This is an interesting topic in the light of modern physics.

Con has accepted the burden of proving that there is no free will, and the argument he has presented is contradicted by modern physics. Specifically, Pro's claim that "a cause will always have the same result [and] so there is no room for free will" is false. We now know that there are unpredictable physical events in nature. It is not just that we lack certain information needed to predict the outcomes, rather that they are inherently theoretically unpredictable. The laws of the physical universe do not allow the prediction.

I cite five categories of unpredictable events:

1. Wave-particle duality demonstrated in diffraction experiments shows that it is impossible to predict the paths of particles.

"One of the most striking consequences of the new science is that it is not in agreement with the belief of Laplace that an omniscient entity, knowing the initial positions and velocities of all particles in the universe at one time, could predict their positions at any future time. (To paraphrase Laplace's idea, the positions and velocities of all things at any given time depend absolutely on their previous positions and velocities and the absolute laws that govern physical interactions.) Laplace believed that such particles would follow the laws of motion discovered by Newton, but twentieth century physics made it clear that the motions of sub-atomic particles and even some small atoms cannot be predicted by using the laws of Newtonian physics. For instance, most of the orbits for electrons moving around atomic nuclei that are permitted by Newtonian physics are excluded by the new physics. And it is not even clear what the "movement" of a particle such as a photon may be when it is not clear that it "goes through" either one slit or the other, but it is clear that the probability of its arrival at various points on the target screen is a function of its wavelength and of the distance between the slits. Whereas Laplace would expect an omniscient mind to be able to predict with absolute confidence the arrival of a photon at some specific point on the target screen, it turns out that the particle may arrive at one of a great number of points, but that the percentage of particles that arrive at each of such points is determined by the laws of the new physics." Wikipedia article quoted at http://roulette404.multiply.com...

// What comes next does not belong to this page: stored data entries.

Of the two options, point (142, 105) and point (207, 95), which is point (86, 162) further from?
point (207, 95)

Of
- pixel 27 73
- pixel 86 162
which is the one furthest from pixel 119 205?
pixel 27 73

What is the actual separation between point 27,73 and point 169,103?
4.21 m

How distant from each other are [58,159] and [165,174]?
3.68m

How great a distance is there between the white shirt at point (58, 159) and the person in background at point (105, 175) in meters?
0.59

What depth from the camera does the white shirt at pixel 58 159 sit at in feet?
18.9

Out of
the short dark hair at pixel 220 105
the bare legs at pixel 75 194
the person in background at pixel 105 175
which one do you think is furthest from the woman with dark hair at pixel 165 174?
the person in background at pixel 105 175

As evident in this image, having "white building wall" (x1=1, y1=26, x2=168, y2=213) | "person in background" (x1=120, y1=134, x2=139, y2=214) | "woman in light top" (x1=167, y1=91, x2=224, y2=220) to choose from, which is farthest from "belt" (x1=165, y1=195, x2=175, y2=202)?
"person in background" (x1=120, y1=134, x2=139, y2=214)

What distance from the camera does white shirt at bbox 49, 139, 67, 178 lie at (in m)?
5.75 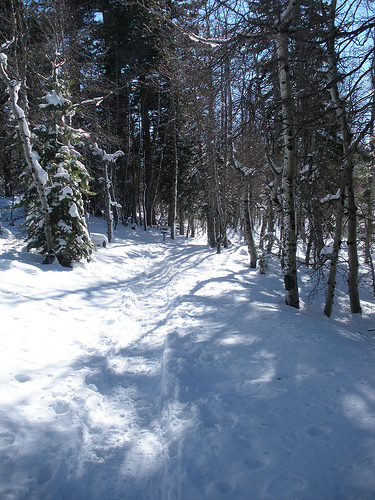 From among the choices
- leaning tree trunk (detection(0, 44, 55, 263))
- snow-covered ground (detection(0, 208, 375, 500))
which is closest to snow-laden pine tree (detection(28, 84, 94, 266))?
leaning tree trunk (detection(0, 44, 55, 263))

2. Quantum states only exist as probability distributions. "Regardless of how carefully we prepare the state ρ of the system, measurement results are not repeatable in general, and we must understand the expectation value of an observable A as a statistical mean. It is this mean that is predicted by physical theories." http://en.wikipedia.org...

This means that the position and momentum of a particle or object only exists as a probability distribution. It follows that particle interactions can only be described in terms of probability distributions. As the article notes, the uncertainty principle applies to both classical and quantum mechanics.

3. Particles decay at unpredictable times.http://en.wikipedia.org... summarizes "Particle decay is the spontaneous process of one elementary particle transforming into other elementary particles. During this process, an elementary particle becomes a different particle with less mass and an intermediate particle such as W boson in muon decay. ... The mean lifetime of a particle is labeled τ, and thus the probability that a particle survives for a time greater than t before decaying is given by the relation P(t) = e^{-t/(tau)}" In other words, the average time for the type of particle decay is known, but the moment at which will decay is completely unpredictable. The W boson has an average decay time of 10^(-25) seconds and an electron has an average life of 4.6 x 10^26 years. Other particles have intermediate times.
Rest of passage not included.